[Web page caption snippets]
★ ★ ★
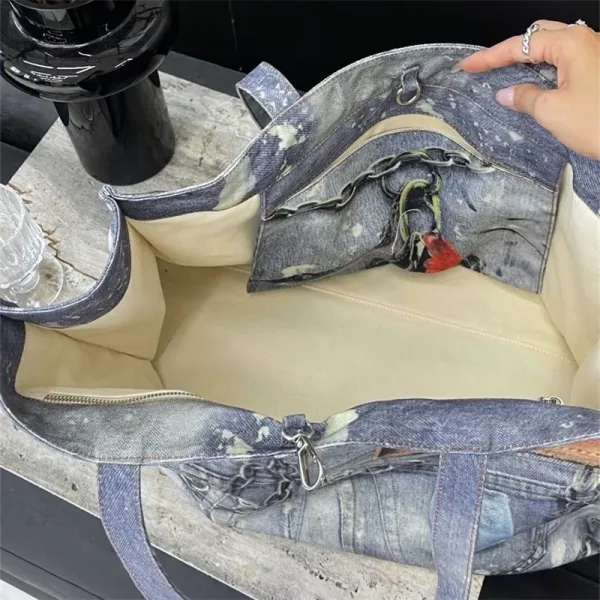 Denim Print Tote Bag with Hardware Accents Blue Tote Bag - 9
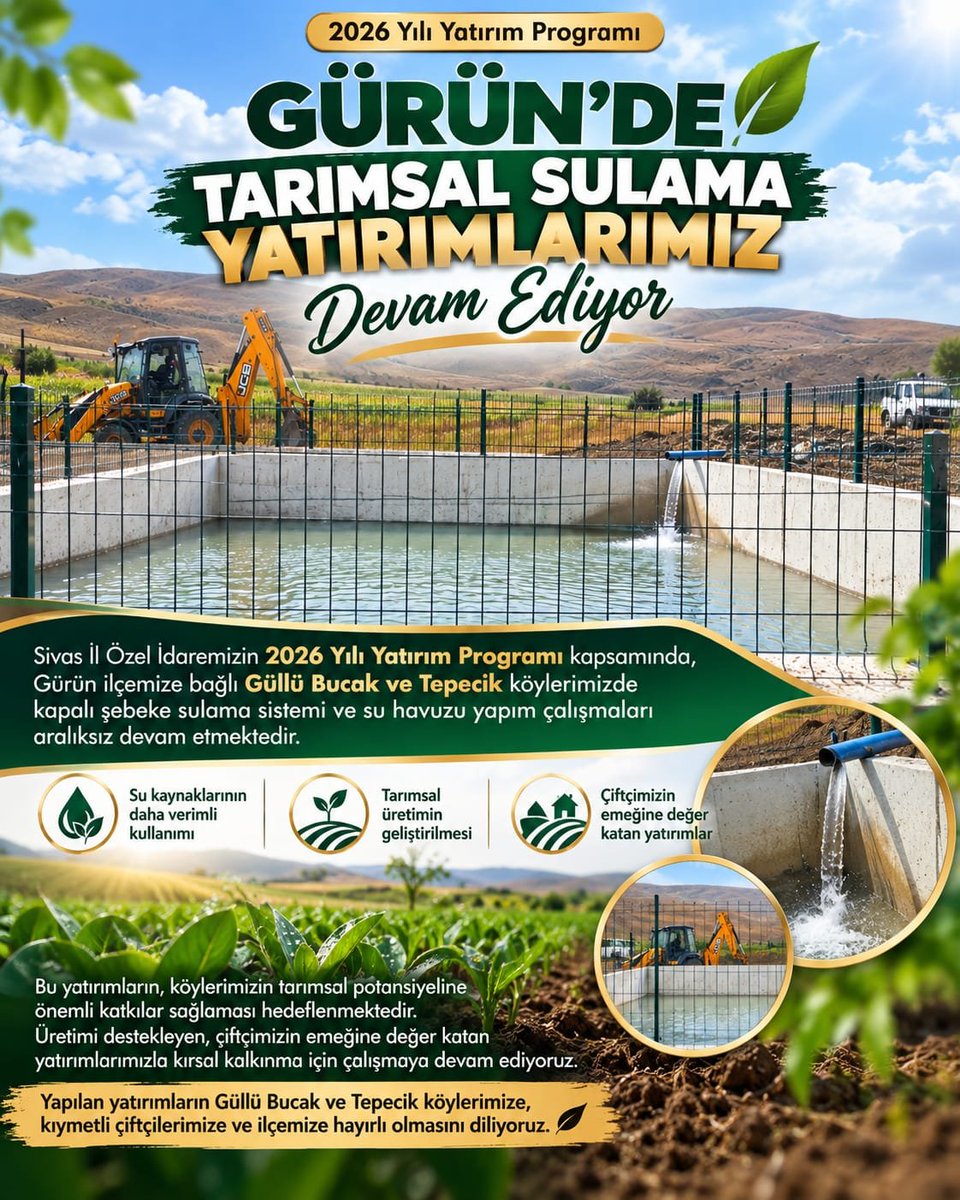 ozelidaresivas's tweet photo. 🌱 Gürün’de Tarımsal Sulama Yatırımları Devam Ediyor
2026 Yılı Yatırım Programımız kapsamında, Güllü Bucak ve Tepecik köylerimizde kapalı şebeke sulama sistemi ve su havuzu yapım çalışmaları devam ediyor. 💧🌾 https://t.co/QzzIVXIXCA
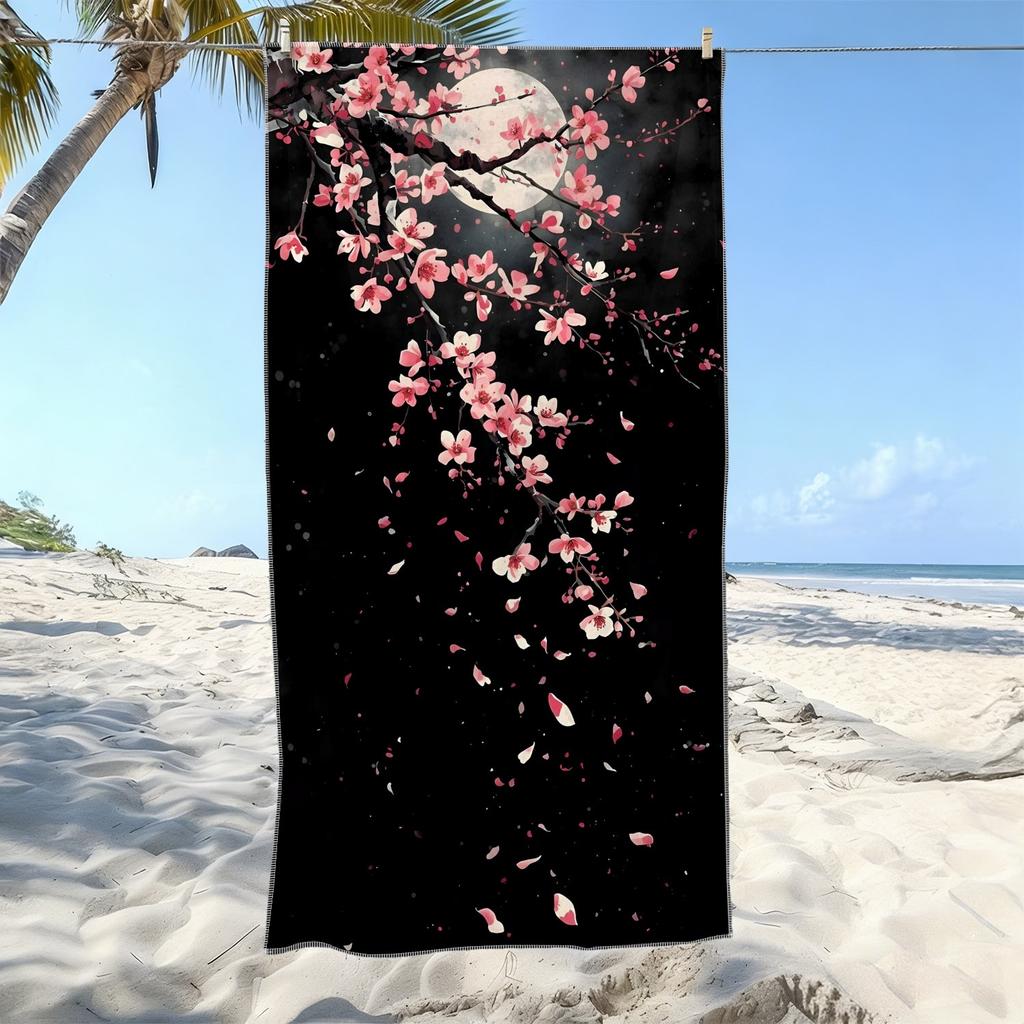 Elegant Sakura Moon Microfiber Beach Towel 1 Piece Set 2D Flat Printed Sandproof Waterproof Holiday Sea Sunbed Lounger Towel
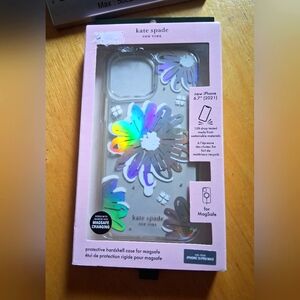 COPY - Kate Spade Hardshell Case for iPhone 13 Pro Max - Silver Floral Design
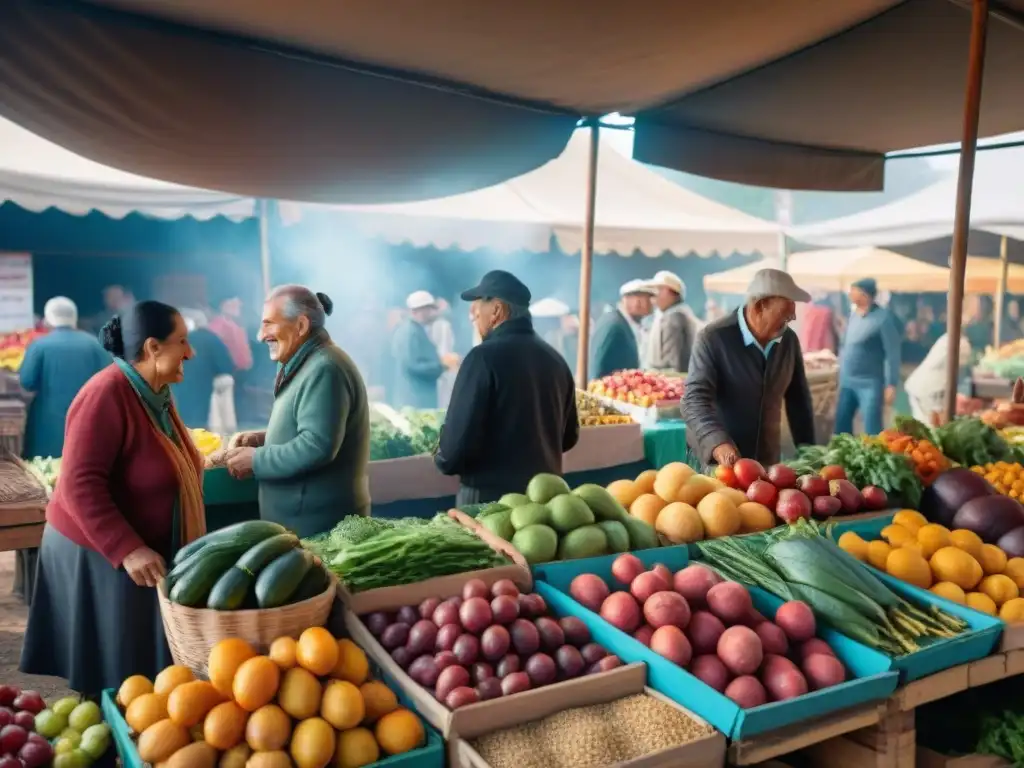 Mercado vibrante en Uruguay con alimentos frescos y vendedores locales, reflejando la Dieta uruguaya saludable después 60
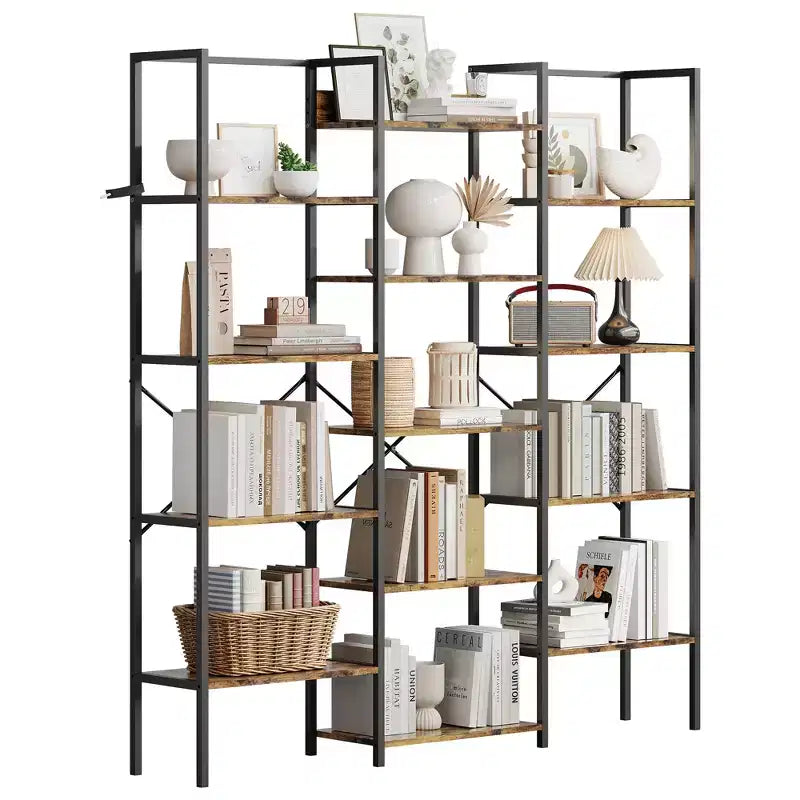 5-Tier Industrial Bookcase with 14 Open Shelves, 63.4W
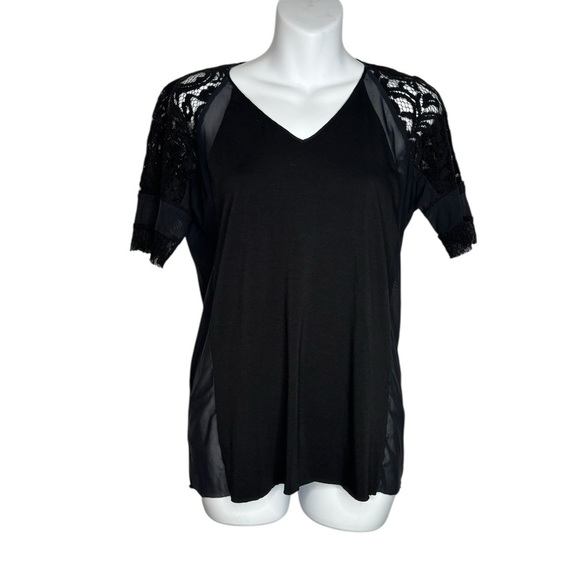 Gary Graham Designer Quiet Luxury Short Sleeve Lace Jersey Mesh Blouse Small - Picture 13 of 14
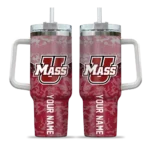 customized umass minutemen chevron stripe red curved tumbler best selling.webp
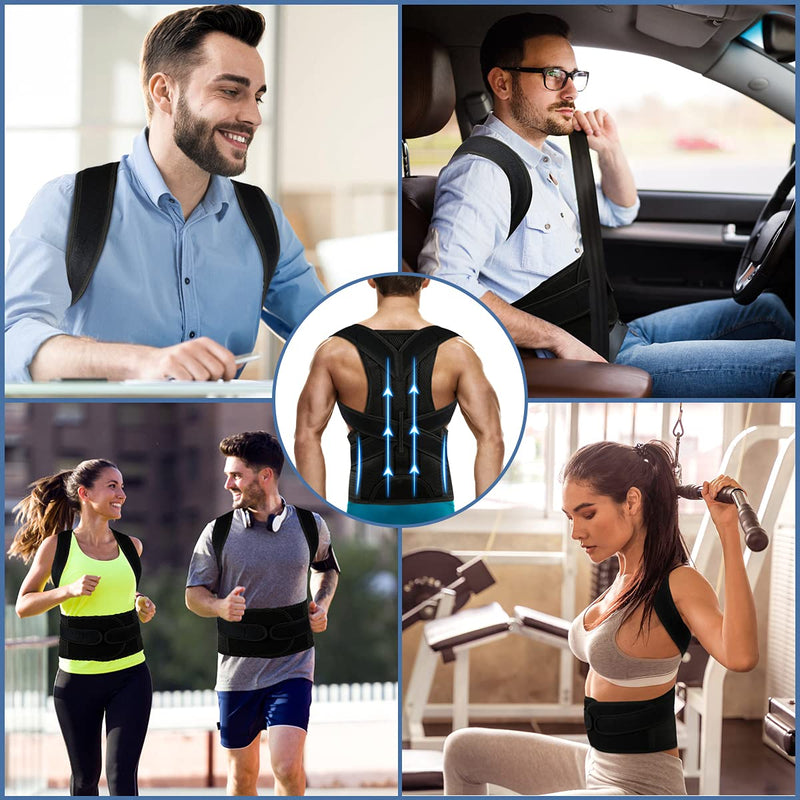Back Brace Posture Corrector for Women and Men - Adjustable Posture Back Brace for Upper and Lower Back Pain Relief - Improve Back Posture and Lumbar Support,XX-Large(Waist:42-48 Inches) XX-Large(42-48 Inches) - BeesActive Australia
★ ★ ★
» ASSIGNED TASK
In the answer, give only the lines from the one containing "5-Tier Industrial Bookcase" through the end of the records above, each reproduced exactly. Include no pictures.

» ANSWER
 5-Tier Industrial Bookcase with 14 Open Shelves, 63.4W
 Gary Graham Designer Quiet Luxury Short Sleeve Lace Jersey Mesh Blouse Small - Picture 13 of 14
 customized umass minutemen chevron stripe red curved tumbler best selling.webp
Back Brace Posture Corrector for Women and Men - Adjustable Posture Back Brace for Upper and Lower Back Pain Relief - Improve Back Posture and Lumbar Support,XX-Large(Waist:42-48 Inches) XX-Large(42-48 Inches) - BeesActive Australia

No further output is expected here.